**PROVIDED MATERIAL**
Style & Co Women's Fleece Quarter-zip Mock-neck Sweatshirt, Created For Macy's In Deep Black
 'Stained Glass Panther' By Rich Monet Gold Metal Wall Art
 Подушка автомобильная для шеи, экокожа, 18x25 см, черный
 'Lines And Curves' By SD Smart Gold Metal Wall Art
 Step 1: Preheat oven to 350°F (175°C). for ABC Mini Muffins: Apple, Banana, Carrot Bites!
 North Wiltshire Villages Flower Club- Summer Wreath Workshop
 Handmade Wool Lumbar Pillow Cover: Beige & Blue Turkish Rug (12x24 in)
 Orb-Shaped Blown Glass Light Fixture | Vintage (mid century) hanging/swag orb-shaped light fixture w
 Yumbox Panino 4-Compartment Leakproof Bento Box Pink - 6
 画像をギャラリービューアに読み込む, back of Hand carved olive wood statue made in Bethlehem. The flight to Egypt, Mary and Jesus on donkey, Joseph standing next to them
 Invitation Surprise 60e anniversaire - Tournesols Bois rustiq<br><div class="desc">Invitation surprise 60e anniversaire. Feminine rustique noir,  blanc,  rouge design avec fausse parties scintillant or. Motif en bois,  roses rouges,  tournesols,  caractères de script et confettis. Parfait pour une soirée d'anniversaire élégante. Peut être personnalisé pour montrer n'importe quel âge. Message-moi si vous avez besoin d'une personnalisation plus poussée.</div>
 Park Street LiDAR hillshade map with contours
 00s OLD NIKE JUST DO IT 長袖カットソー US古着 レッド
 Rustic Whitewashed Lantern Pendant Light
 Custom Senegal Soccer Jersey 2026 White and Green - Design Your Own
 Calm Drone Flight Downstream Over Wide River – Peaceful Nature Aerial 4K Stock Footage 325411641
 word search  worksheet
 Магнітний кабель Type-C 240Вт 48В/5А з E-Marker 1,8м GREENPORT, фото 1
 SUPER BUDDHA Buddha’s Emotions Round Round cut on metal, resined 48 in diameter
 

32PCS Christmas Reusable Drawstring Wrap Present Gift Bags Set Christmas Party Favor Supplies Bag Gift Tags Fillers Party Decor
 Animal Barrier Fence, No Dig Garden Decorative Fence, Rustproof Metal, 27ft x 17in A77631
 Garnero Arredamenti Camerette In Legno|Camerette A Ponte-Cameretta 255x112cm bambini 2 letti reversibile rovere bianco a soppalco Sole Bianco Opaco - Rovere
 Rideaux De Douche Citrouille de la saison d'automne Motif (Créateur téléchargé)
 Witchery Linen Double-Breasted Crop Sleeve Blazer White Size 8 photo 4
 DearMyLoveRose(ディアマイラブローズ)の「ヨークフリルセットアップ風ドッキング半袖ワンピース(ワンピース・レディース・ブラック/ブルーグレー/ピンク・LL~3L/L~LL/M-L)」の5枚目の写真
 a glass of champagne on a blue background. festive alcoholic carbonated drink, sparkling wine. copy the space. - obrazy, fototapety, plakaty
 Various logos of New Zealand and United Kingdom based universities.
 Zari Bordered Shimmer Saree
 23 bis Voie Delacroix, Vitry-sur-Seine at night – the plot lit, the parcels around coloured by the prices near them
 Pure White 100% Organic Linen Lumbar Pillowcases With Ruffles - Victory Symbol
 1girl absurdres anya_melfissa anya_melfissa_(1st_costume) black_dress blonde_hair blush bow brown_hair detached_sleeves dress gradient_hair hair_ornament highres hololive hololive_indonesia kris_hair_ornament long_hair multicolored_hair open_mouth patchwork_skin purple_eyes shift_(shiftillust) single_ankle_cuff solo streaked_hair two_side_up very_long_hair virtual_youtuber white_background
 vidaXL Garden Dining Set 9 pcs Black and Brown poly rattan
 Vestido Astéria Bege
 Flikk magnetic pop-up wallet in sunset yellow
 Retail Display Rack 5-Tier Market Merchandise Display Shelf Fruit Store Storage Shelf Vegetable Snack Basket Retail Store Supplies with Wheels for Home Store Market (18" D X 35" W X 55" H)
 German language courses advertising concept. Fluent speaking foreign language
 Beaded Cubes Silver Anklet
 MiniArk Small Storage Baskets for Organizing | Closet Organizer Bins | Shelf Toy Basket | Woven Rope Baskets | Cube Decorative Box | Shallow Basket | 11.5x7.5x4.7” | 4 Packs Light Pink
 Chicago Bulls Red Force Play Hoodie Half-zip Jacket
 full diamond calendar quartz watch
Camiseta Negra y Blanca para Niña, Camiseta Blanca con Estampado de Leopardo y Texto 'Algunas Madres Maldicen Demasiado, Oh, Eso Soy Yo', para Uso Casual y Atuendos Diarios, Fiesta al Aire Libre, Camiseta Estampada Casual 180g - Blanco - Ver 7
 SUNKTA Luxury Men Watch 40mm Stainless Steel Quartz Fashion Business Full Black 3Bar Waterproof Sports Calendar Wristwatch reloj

**TASK STATEMENT**
In the listing above, find the line with "00s OLD NIKE JUST DO IT 長袖カットソー US古着 レッド" and the line with "Pure White 100%"; output exactly those lines and all lines between them.

**WORKED SOLUTION**
 00s OLD NIKE JUST DO IT 長袖カットソー US古着 レッド
 Rustic Whitewashed Lantern Pendant Light
 Custom Senegal Soccer Jersey 2026 White and Green - Design Your Own
 Calm Drone Flight Downstream Over Wide River – Peaceful Nature Aerial 4K Stock Footage 325411641
 word search  worksheet
 Магнітний кабель Type-C 240Вт 48В/5А з E-Marker 1,8м GREENPORT, фото 1
 SUPER BUDDHA Buddha’s Emotions Round Round cut on metal, resined 48 in diameter
 

32PCS Christmas Reusable Drawstring Wrap Present Gift Bags Set Christmas Party Favor Supplies Bag Gift Tags Fillers Party Decor
 Animal Barrier Fence, No Dig Garden Decorative Fence, Rustproof Metal, 27ft x 17in A77631
 Garnero Arredamenti Camerette In Legno|Camerette A Ponte-Cameretta 255x112cm bambini 2 letti reversibile rovere bianco a soppalco Sole Bianco Opaco - Rovere
 Rideaux De Douche Citrouille de la saison d'automne Motif (Créateur téléchargé)
 Witchery Linen Double-Breasted Crop Sleeve Blazer White Size 8 photo 4
 DearMyLoveRose(ディアマイラブローズ)の「ヨークフリルセットアップ風ドッキング半袖ワンピース(ワンピース・レディース・ブラック/ブルーグレー/ピンク・LL~3L/L~LL/M-L)」の5枚目の写真
 a glass of champagne on a blue background. festive alcoholic carbonated drink, sparkling wine. copy the space. - obrazy, fototapety, plakaty
 Various logos of New Zealand and United Kingdom based universities.
 Zari Bordered Shimmer Saree
 23 bis Voie Delacroix, Vitry-sur-Seine at night – the plot lit, the parcels around coloured by the prices near them
 Pure White 100% Organic Linen Lumbar Pillowcases With Ruffles - Victory Symbol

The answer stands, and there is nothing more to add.